Le « travail de deuil » conçu par une
psychiatre états-unienne, Elisabeth Kübler-Ross, décrivait à l’origine les
étapes par lesquelles passe une personne qui apprend qu’elle va mourir. Par
analogie ce modèle peut nous servir à comprendre notre attitude face au double basculement
écologique et anthropologique en cours. Le premier est d’une telle évidence
qu’il masque le second non moins grave.
Le néolithique a marqué pour les humains le début d’un
long processus : le passage d’une soumission à ce qui ne dépend pas de
nous – la nature sauvage pour le dire simplement - à la maîtrise de ce qui
dépend de nous – la nature domestiquée. Mais cette maîtrise devenue folle par
l’effet de l’avènement du capitalisme techno-industriel consumériste, provoque
sous nos yeux le basculement écologique qui se doublera à court terme d’un basculement
civilisationnel : la fin de la société de consommation, et des
institutions qu’elle rend possibles.
Le déni, la sidération, la colère, le marchandage, la
dépression, la résignation, l’acceptation, la reconstruction, sont décrits
comme les étapes nécessaires d’un deuil, d’une mort annoncée, et par analogie l’acceptation
d’une perte qui semble inéluctable.
En ce qui me concerne, sorti depuis longtemps du déni,
je suis entré comme beaucoup dans une phase de marchandage avec mon empreinte
carbone - moins de viande, moins d’avion, plus de vélo, plus de bio,… Je soigne
ainsi comme beaucoup mon éco-anxiété en me disant que, moi au moins, je vais
dans la bonne direction. Mais globalement, l’appel à la responsabilité
individuelle est illusoire et démobilisateur face à l’enjeu véritable : la
sortie de la société techno-industrielle consumériste. Celle-ci est retardée
par nous, consommateurs des pays riches, mais essentiellement par l’action de
la classe qui la promeut et la finance, ceux / celles qui possèdent
les moyens de production - que Marx appelait la « classe bourgeoise »

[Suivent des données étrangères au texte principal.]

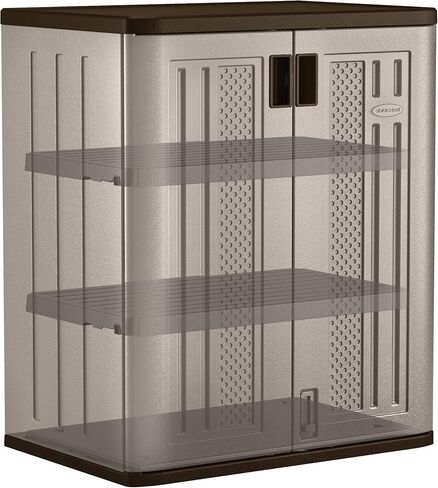 Suncast BMC3000 Cabinet BMC3600 مجموعة تخزين المرآب | طقم خزانة حائط وقاعدة مقاس 30 بوصة in Kuwait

- les 0,1% qui possèdent personnellement les moyens de productions, mais aussi les
détenteurs d’un portefeuille d’actions substantiel, les cadres supérieurs qui
gèrent et organisent la production, les idéologues néo-libéraux, les
communicants qui organisent la résignation ou le marchandage - la transition
énergétique qui signifie au fond tout changer pour que rien ne change. La
colère viendra quand une masse critique d’individus aura pris conscience de cet
enjeu. Mais le problème avec la colère, c’est qu’on ne sait jamais quels boucs
émissaires elle va désigner, quel régime politique monstrueux elle peut
engendrer. Comment ne pas désespérer ?
Le désespoir est une des étapes du deuil. Il faut le dépasser en affrontant le plus lucidement possible la réalité, car « La plus haute forme de l’espérance est le désespoir surmonté »*.
* Georges Bernanos – Conférence aux étudiants brésiliens, Rio de Janeiro (22 décembre
1944).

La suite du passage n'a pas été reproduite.